• Brief: Set down the whole listing below exactly, without pictures.

• Provided data:
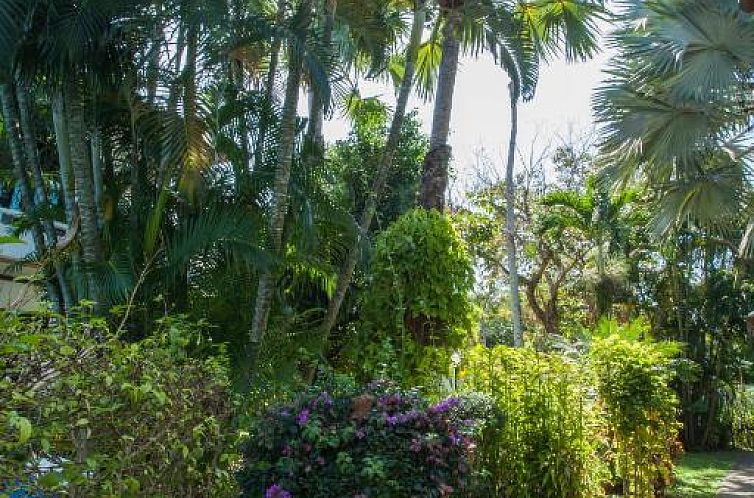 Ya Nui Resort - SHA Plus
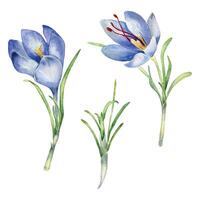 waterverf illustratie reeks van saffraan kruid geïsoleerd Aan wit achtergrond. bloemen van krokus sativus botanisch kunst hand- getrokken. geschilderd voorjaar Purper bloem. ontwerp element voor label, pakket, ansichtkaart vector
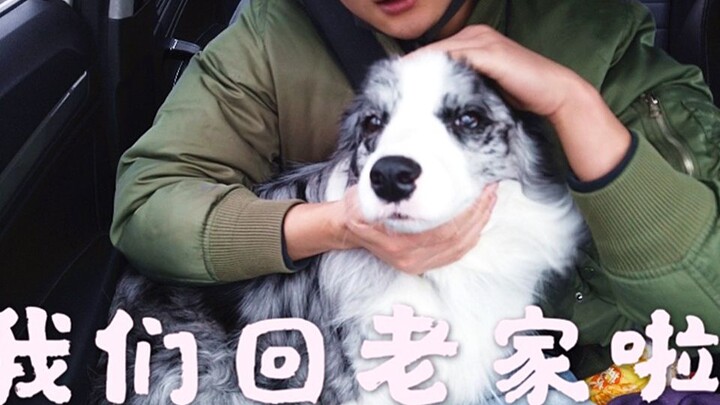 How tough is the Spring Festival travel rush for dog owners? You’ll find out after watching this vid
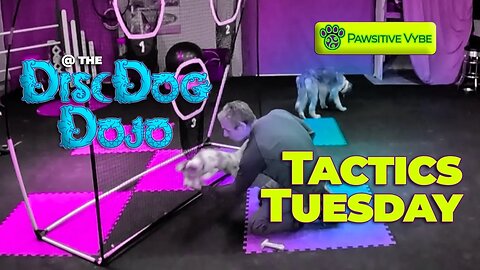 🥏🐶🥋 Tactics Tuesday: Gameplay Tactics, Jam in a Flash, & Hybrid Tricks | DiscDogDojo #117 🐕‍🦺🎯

• Answer below:
 Ya Nui Resort - SHA Plus
 waterverf illustratie reeks van saffraan kruid geïsoleerd Aan wit achtergrond. bloemen van krokus sativus botanisch kunst hand- getrokken. geschilderd voorjaar Purper bloem. ontwerp element voor label, pakket, ansichtkaart vector
 How tough is the Spring Festival travel rush for dog owners? You’ll find out after watching this vid
 🥏🐶🥋 Tactics Tuesday: Gameplay Tactics, Jam in a Flash, & Hybrid Tricks | DiscDogDojo #117 🐕‍🦺🎯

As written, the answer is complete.